Metroid Prime 2: Echoes
Still haven't picked up Metroid Prime 2? Shame on you! Here's one more look at the game that explains why Echoes is an absolute must-have.
Despite all odds, Metroid Prime was a complete success in transferring the classic Metroid formula to 3D. It really, really shouldn't have worked. It was a new 3D update of a near-on ten year-old classic side-scrolling shooter, now changed to a first person perspective under a rookie first-game developer whose workforce was being laid off in droves, with allegedly unimpressive projects rapidly getting canned. But it worked, and then some.
Prime is still one of the greatest games of this generation, and it saddens me that every time I hear about someone buying it they always play it for an hour and then never go near it again. Games have changed, gamers have changed. Metroid Prime so perfectly transferred the original game's play style of progression, backtracking and item collecting, that it has a certain appeal that doesn't click at all with gamers who barely remember the SNES. The fact that it's an action/adventure game disguised as a first-person shooter doesn't help.
I guess I'll just address this review to players of the first game, who didn't get around to snapping up Metroid Prime 2: Echoes, probably blaming certain other big titles that popped up towards the end of last year. Our hero Samus is on a mission on the planet Aether to locate and assist a group of federation troopers, but she later discovers there is much amiss on Aether. The planet has been struck by a phazon meteor and has been ripped into two dimensions, a dark and light world. Samus is drawn into an age-old struggle between the all-but-defeated planet natives the Luminoth, and the new evil inhabitants of the darkworld, the Ing. Throw an evil Phazon-enthused Dark Samus into the mix and you've got a solid story on which to spend 20-odd hours with.
Some of you at first glance may think Prime 2 is little more than a rehash of the first game with a dodgy multiplayer mode tacked on. Admittedly the first few hours don't help to convince you much otherwise; it's the usual affair of scanning, exploring every area, morphball puzzles and massive bosses hiding all your lovely power-ups. At about the halfway mark however, the game drastically picks up pace as you gain more power-ups to explore with and new areas become accessible to you.
The controls are still the same controversial affair, which in my opinion are absolutely perfect. Dual-stick FPS style is nowhere to be seen, and Retro has opted again for the more simple but effective method of locking on with the left shoulder button leaving you to strafe and dodge to your heart's desire. A few camera problems when looking vertically aside the control scheme is perfect for the game and I wouldn't change a thing.
Echoes' game world, as with the original Metroid Prime, is extremely open-ended. You're basically left to yourself to explore the game's huge world, often with little idea of where to go next. This approach is quite appealing as you get completely entangled in Metroid's world, scanning every object, reading pages of information about creatures and plants and stumbling into the odd secret or two. This world set-up - if a bit tedious - can at times give you a strong desire to progress, explore a little more and learn about Aether and its inhabitants.

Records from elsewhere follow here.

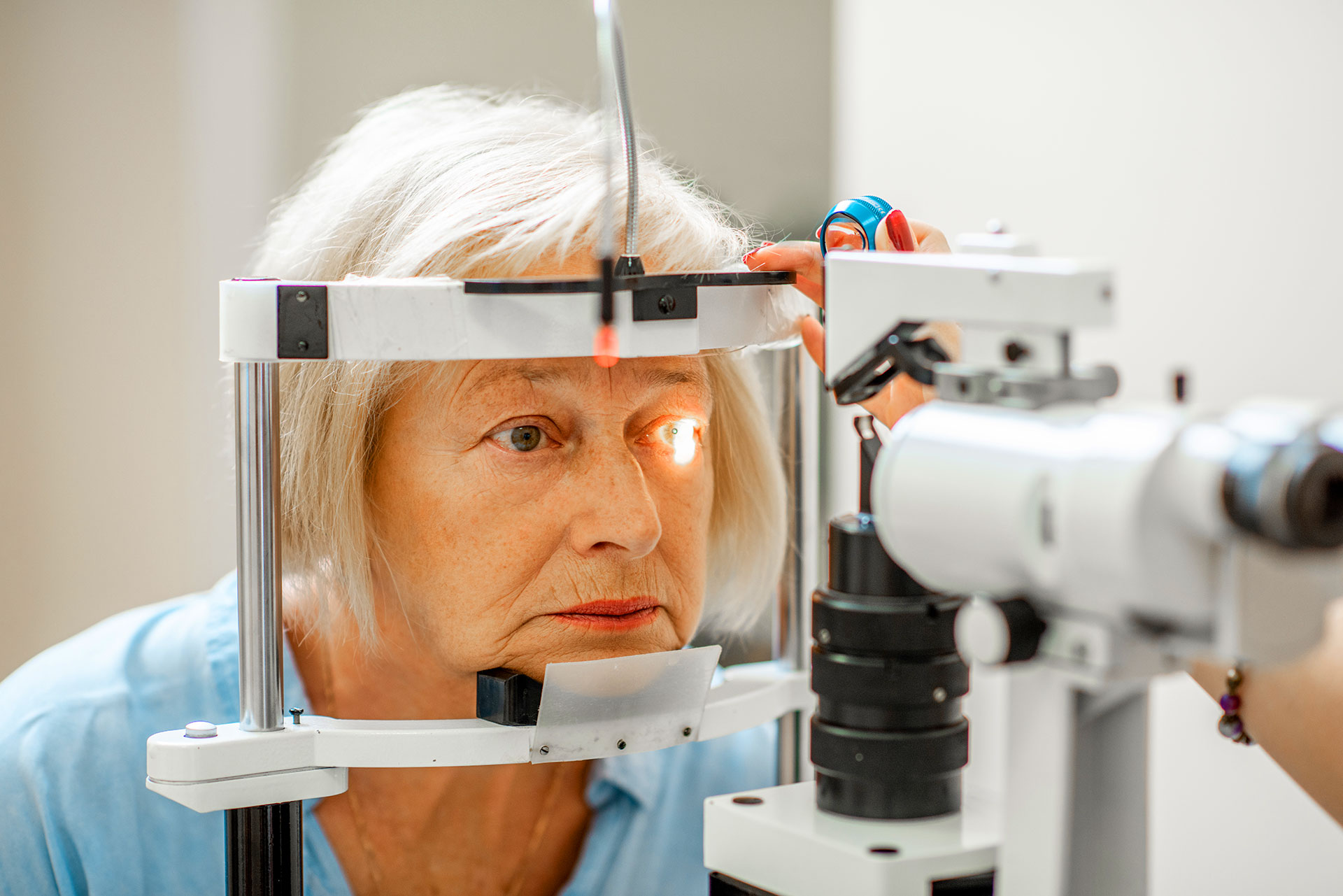 Senior woman having comprehensive eye exam with ophthalmic diagnostic equipment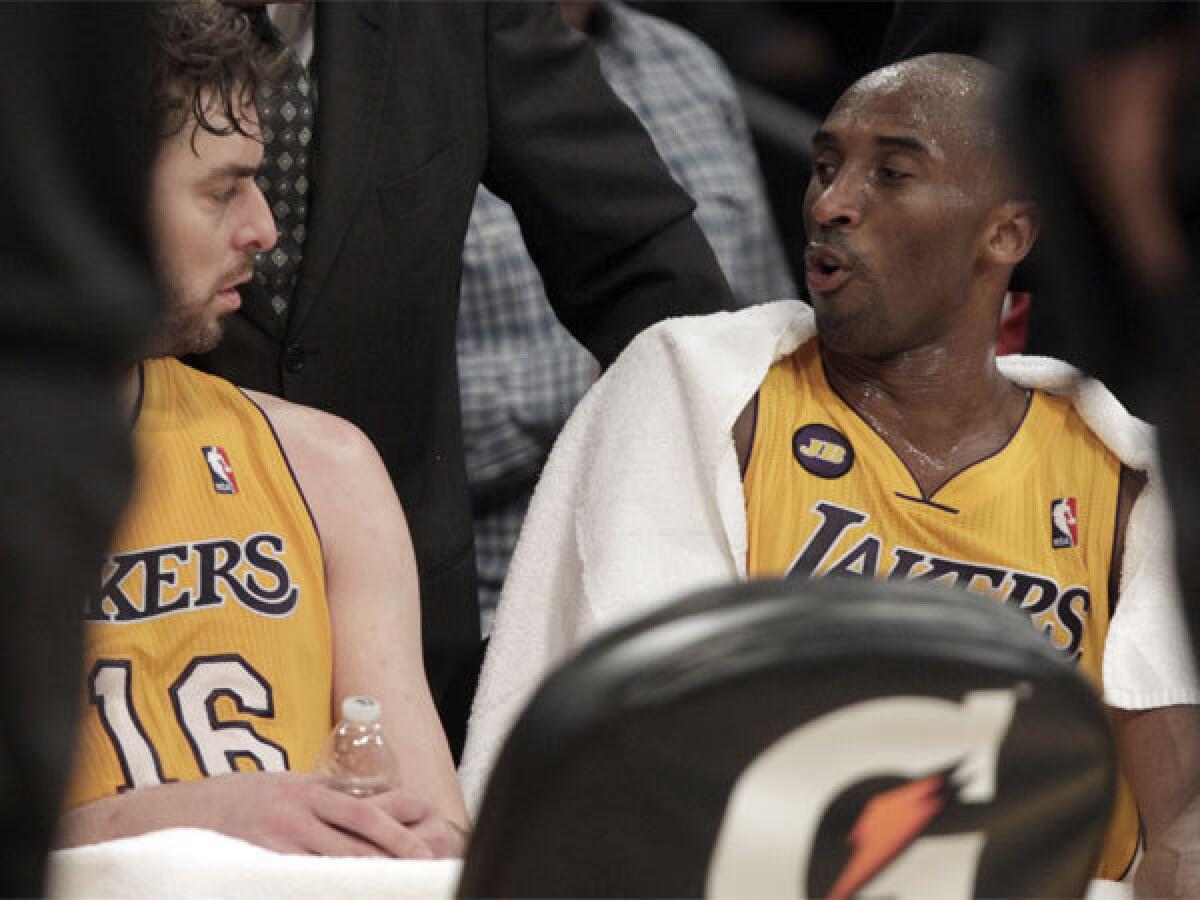 Pau Gasol, left, and Kobe Bryant talk during a timeout Tuesday night at Staples Center.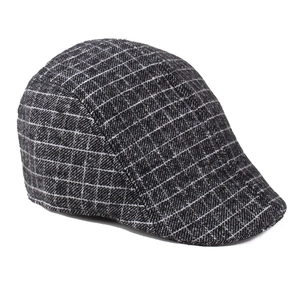 Close-up of gray plaid wool texture on a classic British style newsboy cap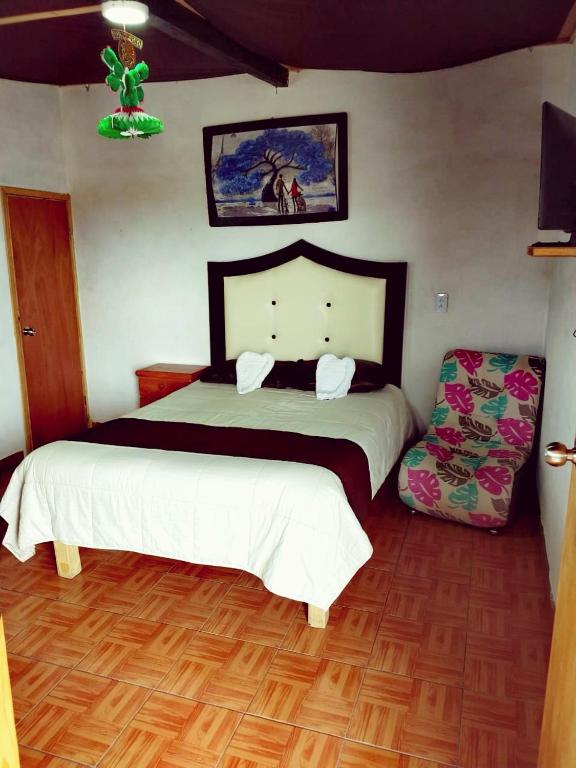 Letto o letti in una camera di Cabañas tipo habitación Planta Alta en Zacatlán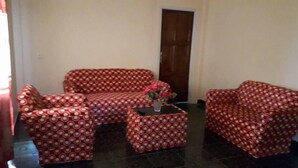 Ein Wohnzimmer mit einer Sofagarnitur, einem Couchtisch und einer Tür.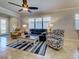 Bright living room with comfortable seating, tile floors, and view into entryway at 19240 Isadora St, Venice, FL 34293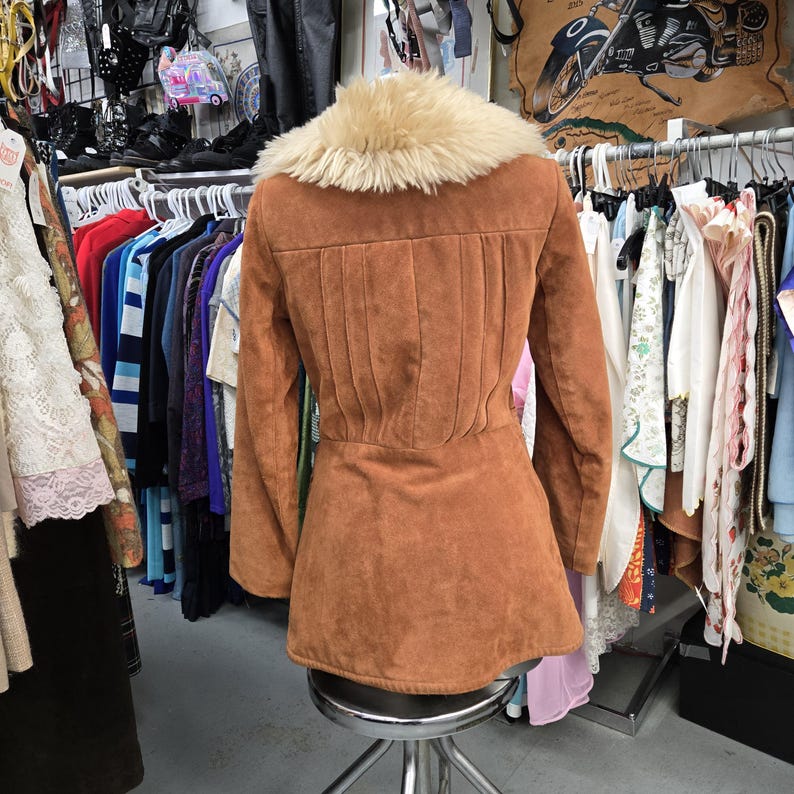 May include: A brown suede jacket with a cream-colored faux fur collar. The jacket has long sleeves and a fitted waist, with vertical pleats on the back. The jacket is displayed on a metal stool in a vintage clothing store.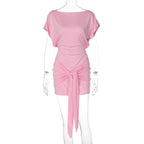 Pink off-shoulder sheath dress with draped skirt and ruched waist tie, short sleeves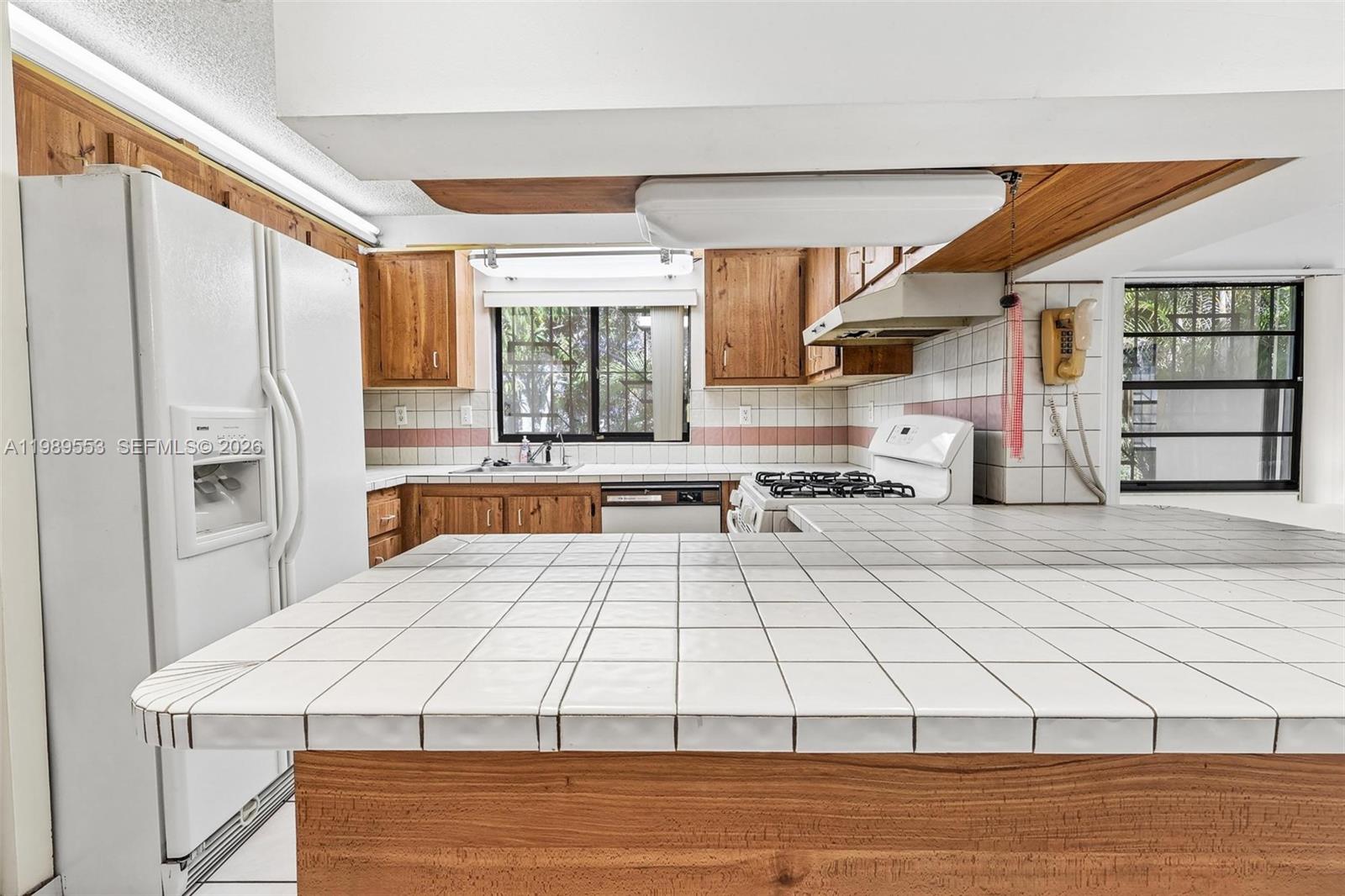 4210 Southwest 134th Avenue Miami, FL 33175 - Photo 10 of 32 a kitchen with a sink cabinets and appliances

If you found one world difficult to explore in the first Metroid Prime you're going to love the chaos created by the second dark world, which is basically an evil parallel of the existing light Aether. This parallel world approach to the story adds some Zelda-like gameplay, activating portals and hopping between the two worlds, changing stuff around in order to access new areas and get new items.
Retro has also dug some retro-style game difficulty out of the grave with the resurrection of the Metroid series: Echoes is hard as rock. The game doesn't hold your hand, you're not told what to do, and you're going to have some very tough boss fights to contend with. Gamers have become lazy, and like the first game if you're not up to scratch, you wont get passed the first hour.
The sheer amount of time and imagination that has gone into Metroid Prime 2: Echoes is amazing. There's never a moment in the game where I thought I was doing something I had already done before. The huge number of varied power ups - including the spiderball, dark and light beams, the grapple beam, seeker missiles, various visors and the spectacular screw attack - add so much fresh appeal to the puzzles and gameplay Retro could have doubled the game's already hefty length once you collect all the power-ups. Enough words cannot be said about how satisfying, fun and downright cool it is to wall-jump up huge towers and see sound with the Echoe Visor.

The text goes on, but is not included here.